What the task requires: Please repeat, exactly and without pictures, the lines of the entries below that run from the one containing "New outfit flashing big ass on camera" through the one containing "Toyota SIENNA 2.5".

======== Records shown ========

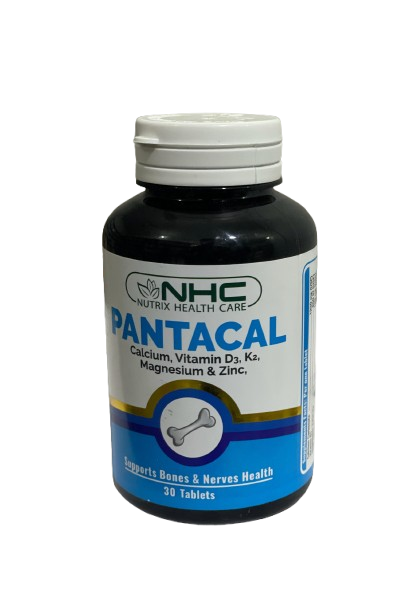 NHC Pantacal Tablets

========
======== Records shown ========

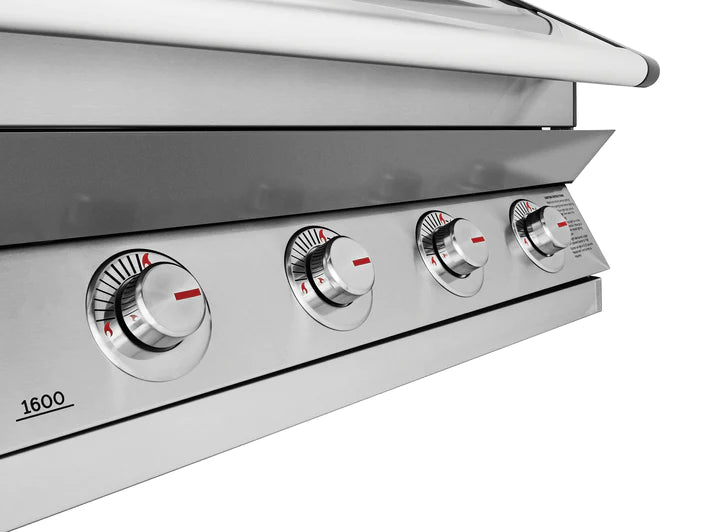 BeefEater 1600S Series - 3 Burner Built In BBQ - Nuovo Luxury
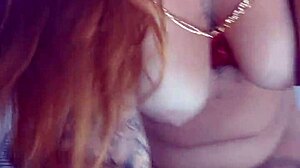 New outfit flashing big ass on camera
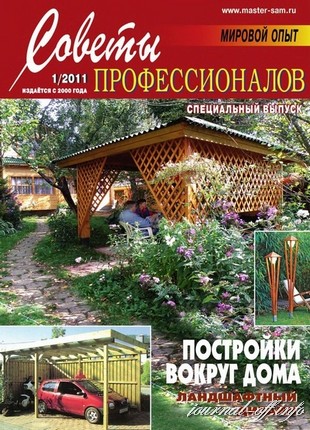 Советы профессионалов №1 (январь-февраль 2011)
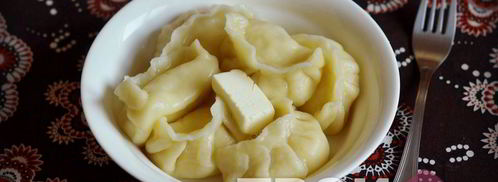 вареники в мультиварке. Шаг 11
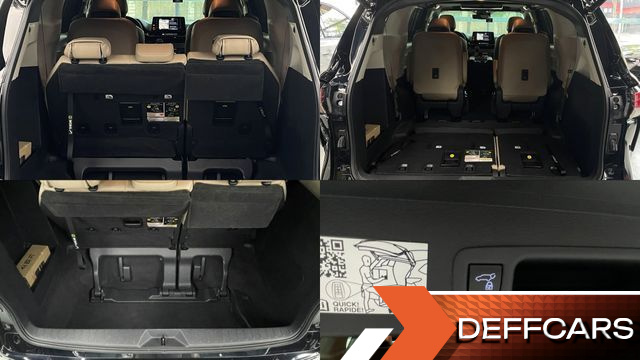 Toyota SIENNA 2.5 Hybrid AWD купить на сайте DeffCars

========

Exercise result:
 New outfit flashing big ass on camera
 Советы профессионалов №1 (январь-февраль 2011)
 вареники в мультиварке. Шаг 11
 Toyota SIENNA 2.5 Hybrid AWD купить на сайте DeffCars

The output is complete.